Star Entertainment Officially Unsuitable for Queensland Gaming License
Posted on: October 6, 2022, 10:17h.
Last updated on: October 6, 2022, 10:54h.
The Queensland government has handed down its ruling on Star Entertainment and has determined that the casino operator is no longer worthy of holding casino licenses. Whether or not Star actually loses its status is still in the air, however.
The recently wrapped inquiry determined — just like in New South Wales (NSW) — that Star repeatedly violated anti-money laundering regulations and had ties to organized crime. It determined the company is unsuitable for the two licenses it holds. But the final decision rests with the state’s attorney general (AG), Shannon Fentiman.

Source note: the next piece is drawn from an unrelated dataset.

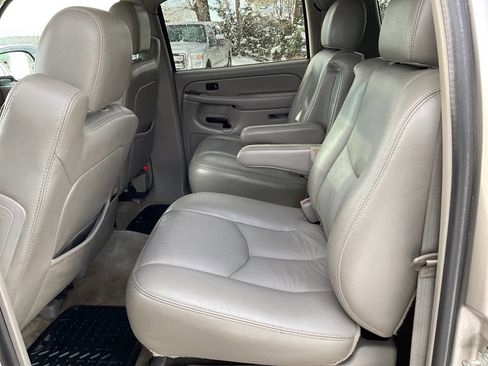 Used 2005 Chevrolet Suburban Z71 w/ Preferred Equipment Group image 12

Fentiman announced on Thursday that Star’s gross negligence made Queensland lose faith in the company’s abilities to be a decent corporate citizen. She also cited “major failings” that destroyed Star’s character and integrity.
Last Chance for Star
Star risks losing its license, but that discussion will take place later. Now, according to Fentiman, the company has to show why it deserves to retain its place in Queensland.
The state’s gaming regulator, the Office of Liquor and Gaming Regulation (OLGR), will play a role in that process. The AG wants the entity to prepare a “show cause” notice, explaining its actions and why it is suitable to continue operating the Treasury Brisbane and The Star Gold Coast casinos.
The OLGR will need a couple of weeks to draft the letter and lay out the violations Star faces. Then, the operator will have three weeks to respond and convince Queensland that it is able to conduct itself in accordance with regulatory guidelines.
This scenario means that Star isn’t likely to provide its input until the end of November. Then, the OLGR and Fentiman will need to review the information before making a decision. This means that, in theory, it could be the middle of December or the beginning of next year before the results are published.
If Fentiman decides that Star should hold onto its licenses, she can still make the company pay massive fines. The state recently updated its laws to authorize fines of up to AU$50 million (US$35.46 million). Previously, the severest disciplinary response Queensland had was to take away an operator’s gaming license.
There could also be censures and temporary license suspensions. A similar scenario played out in NSW when Crown Resorts was hit with the same charges Star faces.
Star also faced similar inquiries in Victoria and NSW, the latter of which recently concluded its inquiry. A decision in that case is still pending.
Organized Crime Links Add to Star Woes
Star repeatedly allowed criminals, including members of the ‘Ndrangheta mafia, to gamble at its casinos, despite bans being in place. In addition, the company’s ties to Alvin Chau and his Suncity Group junket company are proving hazardous to its future.
One other issue could really invite trouble for Star. There are allegations that Star’s Queen’s Wharf project has backing from a man with known links to international crime.
Chow Tai Fook, through his Chow Tai Fook Enterprises (CFTE) company, is a major shareholder in The Star Gold Coast and Queen’s Wharf. He is allegedly a cohort of a reputed boss of the 14K Triads, “Broken Tooth” Wan Kuok Koi.
An investigation into the connection between Star and CFTE is underway. Adding to the dilemma is the fact that the Queensland government had to sign off on the company’s involvement, despite Chow Tai Fook’s name appearing on lists of names of people associated with high-profile crimes.
CFTE owns 25% of the AU$3.6 billion (US$2.55 billion) Queen’s Wharf project. Now that his involvement is public knowledge, allowing him to continue, if the allegations are true, could be viewed by some as the state’s acceptance of organized crime.